As Rich sails across the world’s oceans he will not see the thousands of fish species living in the waters far beneath his boat or the smaller prey species and plankton that they eat. Fish is a growing source of food for people around the world, but as more people eat fish and the technology to locate and catch them improves, many species have been depleted (or are being depleted) by overfishing, climate change, and other factors. Satellites and advanced sonars or fish finders are making it easier to locate schools of fish, and new nets equipped with sensors are catching more of the available fish. Bycatch, or catching fish you aren’t trying to catch, is a problem because it doesn’t allow those species to reach reproductive age to replenish their population.

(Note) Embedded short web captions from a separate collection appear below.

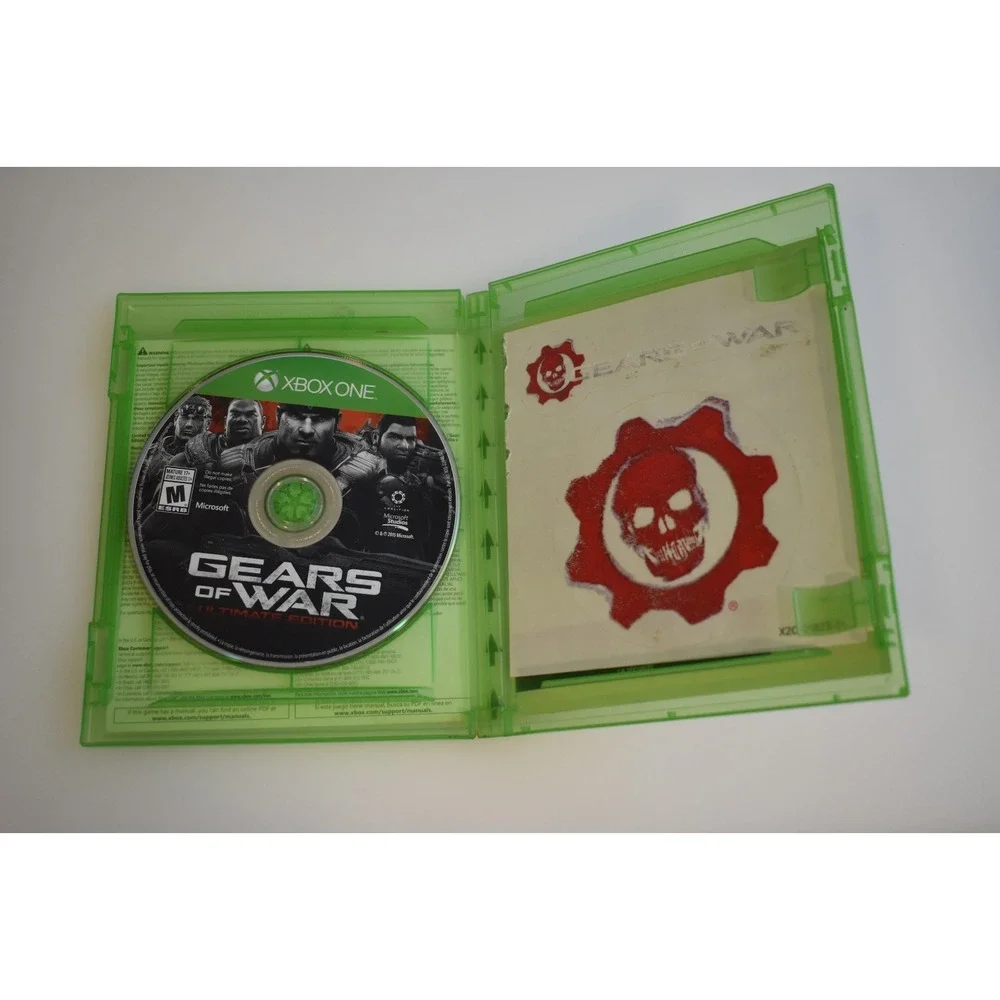 Gears of War Ultimate Edition and Rare Replay Bundle Xbox One 2 Disc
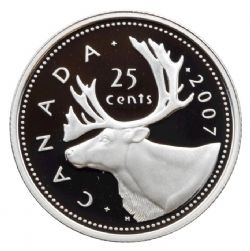 25-CENT -  2007 CARIBOU 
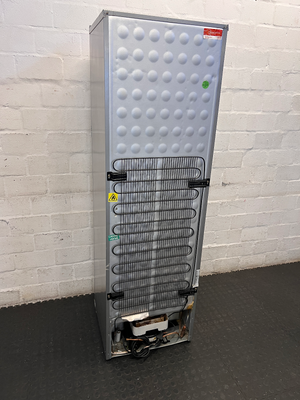 Defy Silver Bottom Freezer Fridge - Eco Energy Efficient - 2ndhandwarehouse.com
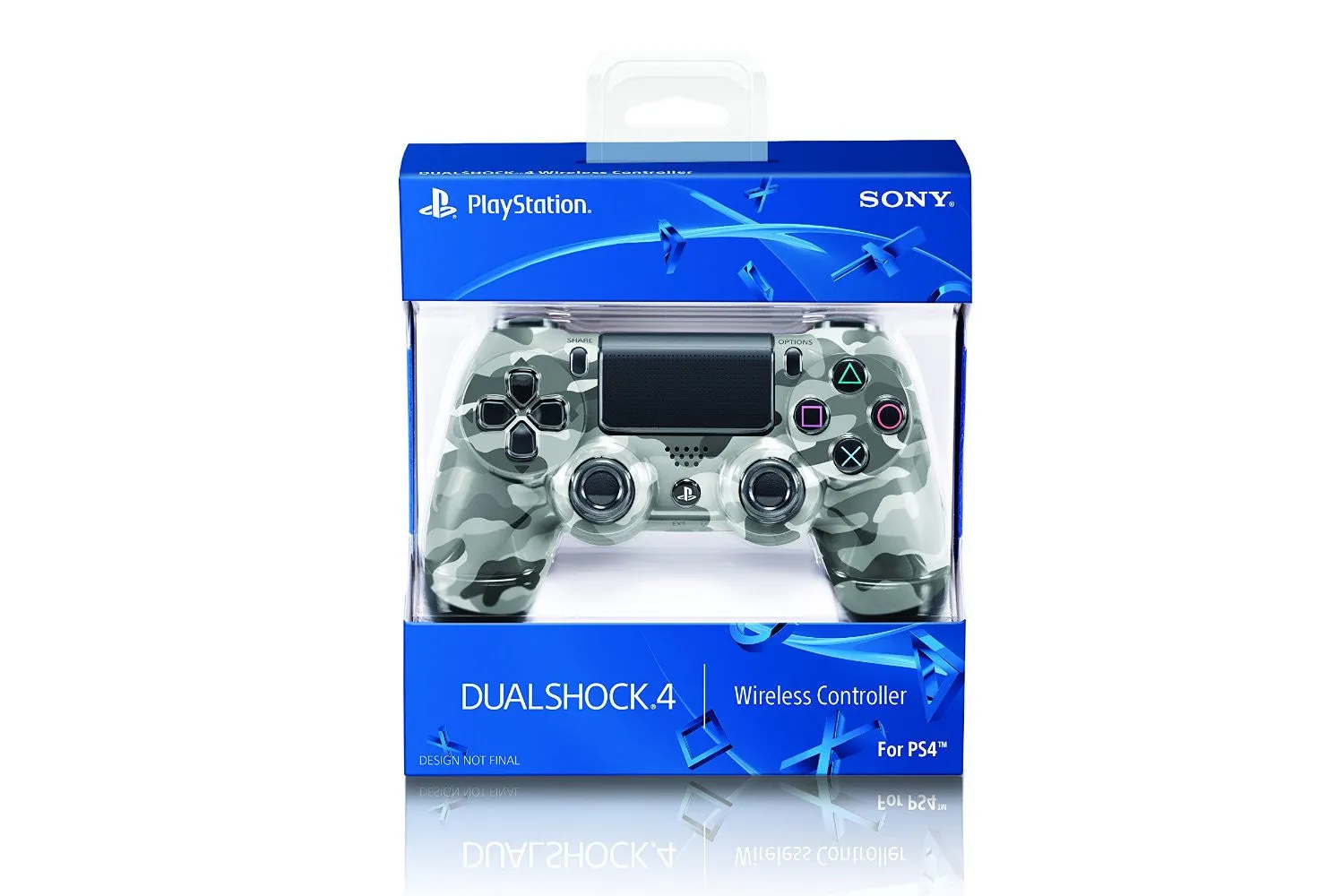 DualShock 4 Wireless Controller for PlayStation 4 - Urban Camouflage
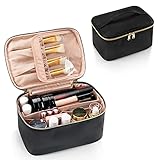Kosmetiktasche Damen, Groß Make Up Tasche Reise Kosmetikkoffer für Frauen Travel Makeup...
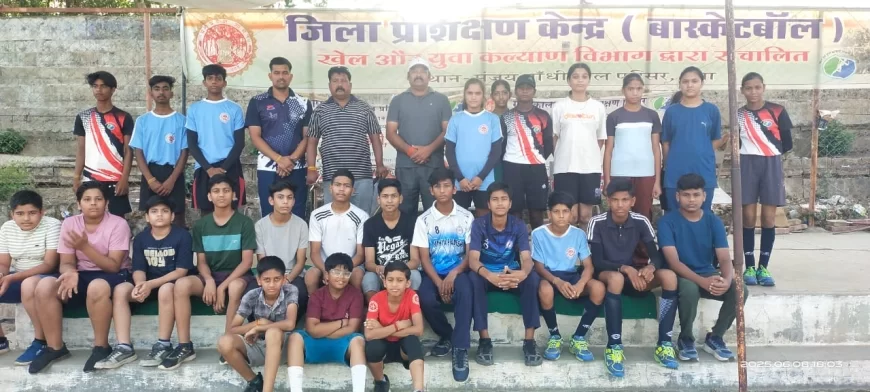 वॉटर स्पोर्ट्स रोइंग के लिए प्रतिभा चयन कार्यक्रम का किया गया आयोजन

Warming ocean waters are causing many fish populations, which prefer certain temperatures to grow and survive, to move to more preferable habitats which could be farther offshore and away from current locations. The same is happening to the prey fish eat, and as the source of food moves so do the fish that eat them.

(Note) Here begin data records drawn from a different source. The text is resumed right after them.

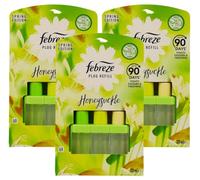 3 x 20ml Febreze 3Volution Plug in refill - Honeysuckle
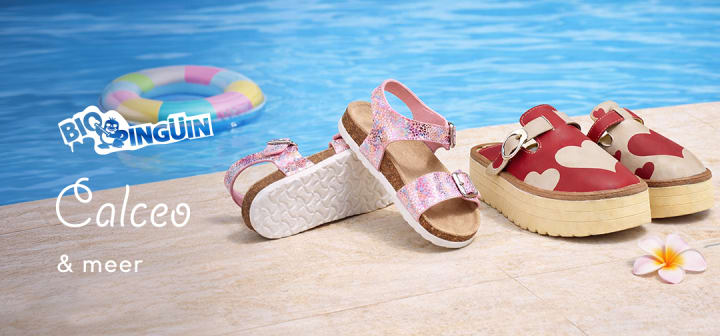 Pak je nieuwe paar uit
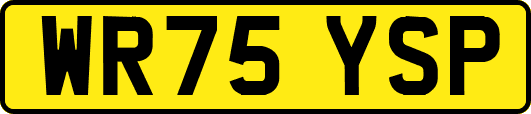 WR75YSP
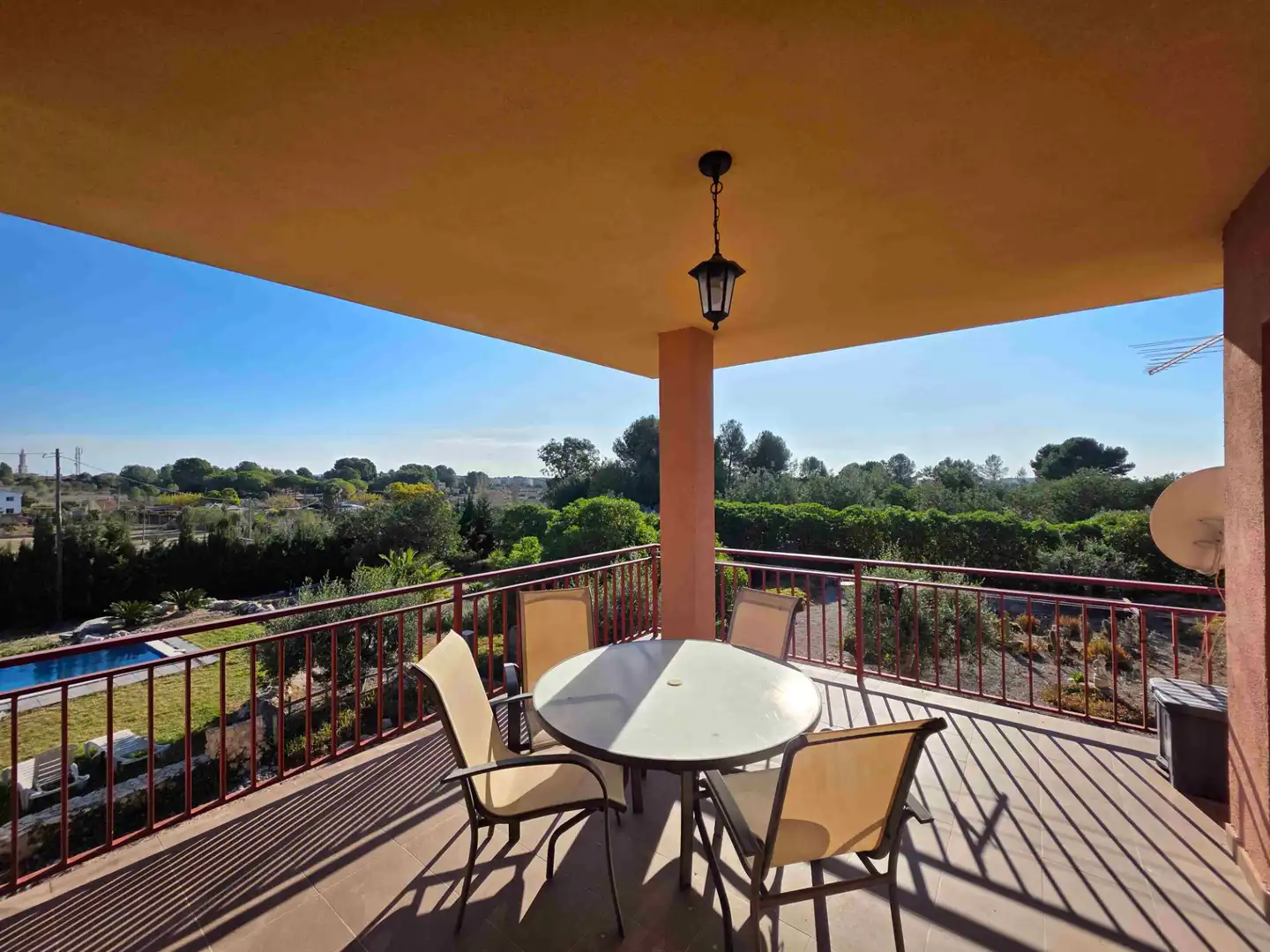 Terraza de Casa o chalet en venta en Valls con Jardín privado y Piscina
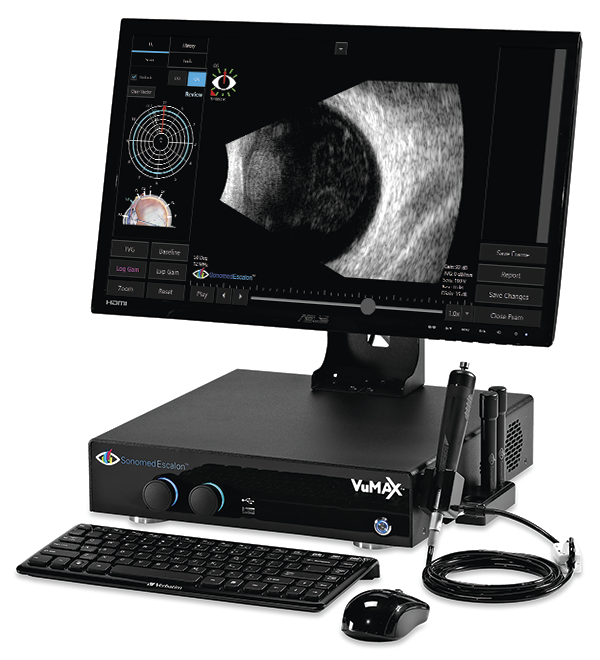 Ophthalmic Equipment | Sonomed VuMAX HD Ophthalmic Ultrasound | Veatch ...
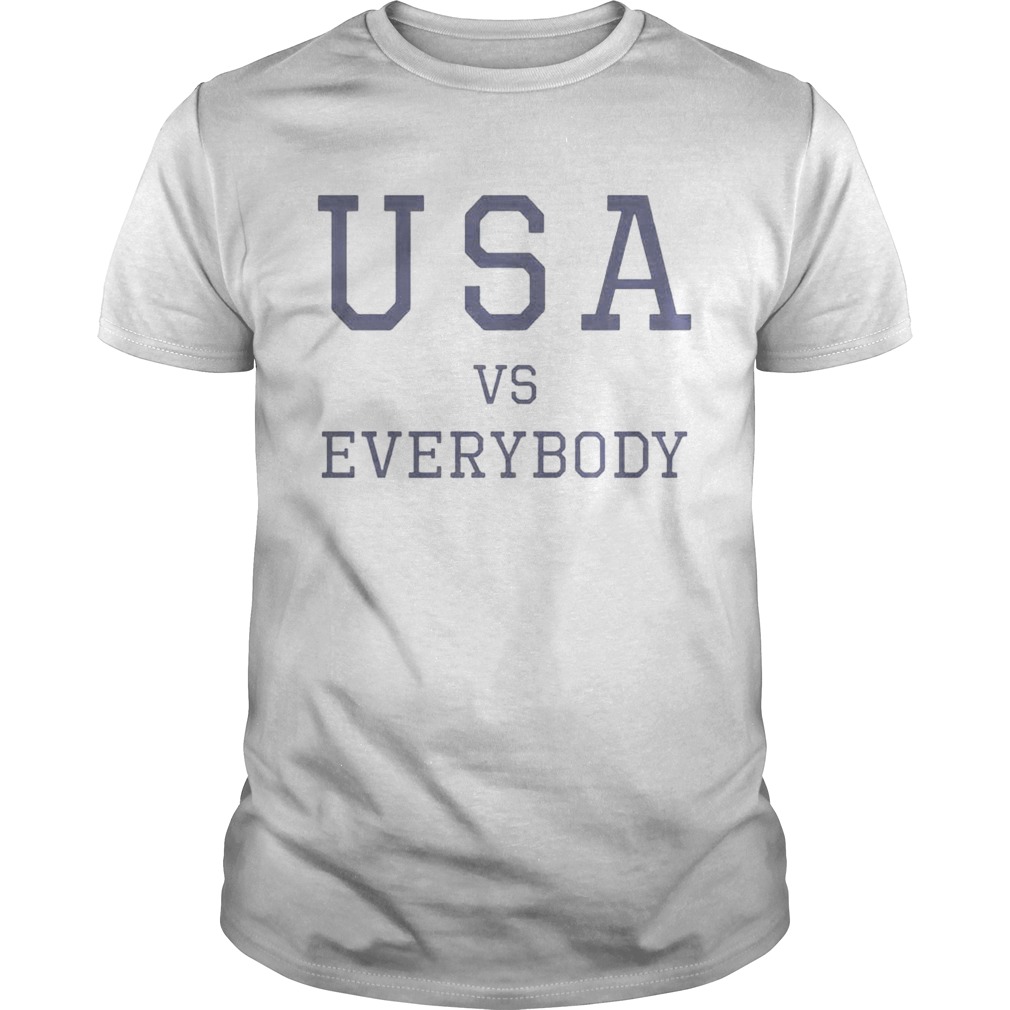 Usa Vs Everybody Shirt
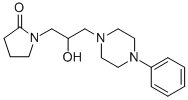 CAS#: 148274-76-4, 1-[2-Hydroxy-3-(4-Phenylpiperazin-1-Yl)Propyl]Pyrrolidin-2-One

Another increasing problem in the world has been illegal, unreported and unregulated (IUU) fishing, which makes it very difficult to manage fisheries. It is a global problem that threatens ocean ecosystems and sustainable fisheries. Many governments, international organizations and private industry groups are working together to combat IUU fishing.
We want to be able to keep eating fish, but we won’t have enough for the future unless we allow depleted fish populations to rebuild and grow, and unless we keep other populations at healthy levels.
The good news is that fish are a renewable resource, and they can naturally replenish their populations if the right management measures are put in place.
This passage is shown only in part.